Do five seconds of research on the internet on Mustard Gas, and you discover that it isn't a weapon of mass destruction. With a lethality level of around 1% on the battlefield, it just doesn't fit the bill. Of course, if you're a Bush apologist who wants to make a little hay, you pretend it's a WMD.

Whatever.

If Bush had gone in and found those ten thousands tons, he'd have been vindicated. Most of the thinking left would have supported his action. But it didn't happen that way. Exactly where should the Buck Stop?
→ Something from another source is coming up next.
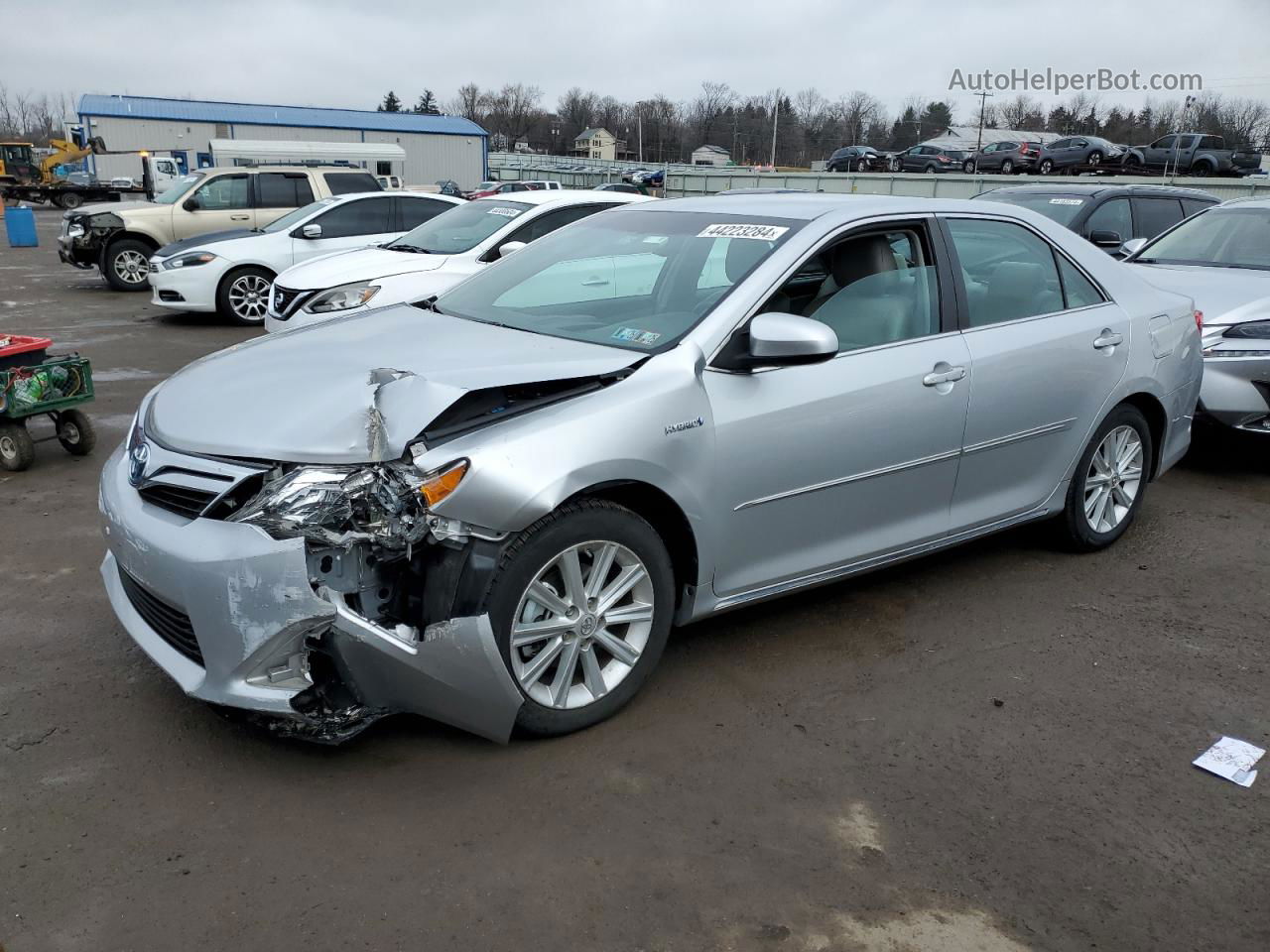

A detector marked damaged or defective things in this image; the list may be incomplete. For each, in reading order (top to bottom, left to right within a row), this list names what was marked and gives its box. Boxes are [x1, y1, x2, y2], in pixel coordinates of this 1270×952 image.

Posted by Ross Ross on   |   § 5

§ 5 Comments

1

Weapons programs, not stockpiles - that is the important thing. The military and intelligence agencies must always look at capabilities and intentions. The fact that someone is working on - for an actual known fact, known to be working on WMD, and has made it obvious that he is not our friend, that is plenty serious. Personally, I don't want to wait until minutes before he has working weapons systems, I want the threat removed.

And the consensus view of everyone from Clinton to the French to the UN before the conflict was that he had WMD, and was working on more. You can't fault the administration for sharing that opinion. The opponents of the war before it started wanted inspections to continue, so that we could contain the WMD threat. Only after did the hue and cry about "no WMD, no justice" arise.

The antiwar left was anti war, period. It didn't matter what instrumentality they used to try to achieve the goal of thwarting the US actions in Iraq. The fact that we have not found WMD worries me, because UN inspectors knew he had that 10,000 gallons back in the late nineties, and I'd like to know where it went - Syria? Iran? Terrorists? It is a national security question, to be sure.

But the fact that we did not find them in no way invalidates or delegitimizes the libervation. We freed 25 million people from tyranny. We removed a clear threat to American citizens. We prevented thousands of deaths that would certainly have happened had Saddam's death machine been allowed to roll on unimpeded. And we permanently removed the possiblilty that Iraq would develop WMD.

It has been US policy since the cold war that chemical weapons are weapons of mass destruction, period. It doesn't matter that Mustard Gas is not terribly lethal. But five more seconds of internet research will show you the horrible effects - burns, blindness, damaged lungs are certainly worse than your average suicide bomb or RPG hit.

2

I wrote the above before reading Dean's post. I don't see where he says the mustard gas satisfies him. What he is right to say, is that the wmd were one of about a dozen reasons that the administration gave for going to war. Ack.

3

Dean is apparantly a Democrat, or was in the not to distant past. This is the first time I've read his blog. Good stuff, thanks for the link, Ross.

4

Should I bother to pipe up again with my contention that I was not against getting rid of Hussein per se (who could be?) but always felt that the DoD and President were making hash of the postwar planning from the start? Hearts and minds? Brief, effective reconstruction?

And where the hell ARE all those gallons of Anthrax that the US sold him back in the day?

5

"Do five seconds of research on the internet on Mustard Gas, and you discover that it isn't a weapon of mass destruction"

I think that these days it depends who you ask.

Historically, the US position was that chemical weapons of any stripe (blister [ie mustard], blood, nerve) were "weapons of mass destruction", and their use could be met with a WMD (ie nuclear) response. This position was meant to thwart the massive stockpile of Soviet/Pact battlefield chem/bio weapons with US tactical nuclear weapons.

Today, I don't think anyone outside of Beltway eggheads really uses the term "WMD" in a consistent way. THe general populace had no idea what those 3 little letters meant together before a year ago, and lacking a coherent definition, it is left to believe they mean whatever it wishes.